While this course will not make you an expert R programmer or full-fledged data analyst, it will help you learn how to analyze real-life, messy data and prepare it for visualization and further analyses.

Course Expectations

This course will include a series of eight, one hour lessons. Each lesson will be held virtually using the Webex platform on Mondays / Wednesdays at 1 pm. Lessons will immediately be followed by a one-hour help session. Help sessions will be structured around a set of practice problems for you to test your new skills. Though, we welcome all questions!


You will not be able to practice or work through this documentation using DNAnexus outside of class hours. If you are using this documentation asynchronously, please install R and RStudio.

Lesson 1: Introduction to R, RStudio, and the Tidyverse

This will be a no coding introduction to R, RStudio, and the Tidyverse. In this lesson, we will review some of the advantages of using R for data analysis and will get you acquainted with the RStudio environment.

Lesson 2: Getting started with R

Lesson 2 will focus on some of the basics of R programming including naming and assigning R objects, recognizing and using R functions, understanding data types and classes, becoming familiar with the R programming syntax.

Lesson 3: Importing and reshaping data

In lesson 3, we will learn how to import simple and complex data and how to avoid common mistakes. We will also learn how to reshape data, for example, from wide to long format, with tidyr.

Lesson 4: Data Visualization with ggplot2

Lesson 4 will be a brief reprieve from data wrangling. In this lesson, we will learn the basics of plotting with ggplot2.

Lesson 5: Introducing dplyr and the pipe (Part 1)

In Lesson 5, we will learn how to improve code interpretability with the pipe %>% from the magrittr package. We will also learn how to merge and filter data frames.

Lesson 6: Introducing dplyr and the pipe (Part 2)

In Lesson 6, we will continue to wrangle data using dplyr. This lesson will focus on functions such as group_by(), arrange(), summarize(), and mutate().

Lesson 7: Introduction to Bioconductor -omics classes (containers)

In this lesson, we will learn about specialized data containers / classes that are shared across Bioconductor packages. These classes allow us to store and easily manage multiple -omics types. We will discuss some of the properties of these classes and gain insight into how to access and subset the data stored within.
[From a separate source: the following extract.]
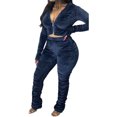 thumbnail image 1 of Honganda Slim Pleated Zipper Hooded Top and Pants Two-piece Suit, 1 of 6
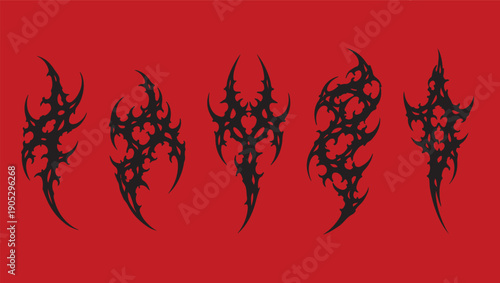 Cyber Sigilism Vector Ornaments. Black Gothic Tribal Shapes, Sharp Neo-Tribal Tattoo Elements, Abstract Edgy Graphic Assets for Streetwear and Dark Aesthetic Designs.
Lesson 8: Data Wrangling Review and Practice

In Lesson 8, we will review many of the important concepts we learned throughout the course. We will also practice using our skills together on a realistic data set.

Required Course Materials

To participate in this class you will need your government-issued computer and a reliable internet connection. You do not need to download or install any software to participate in the class.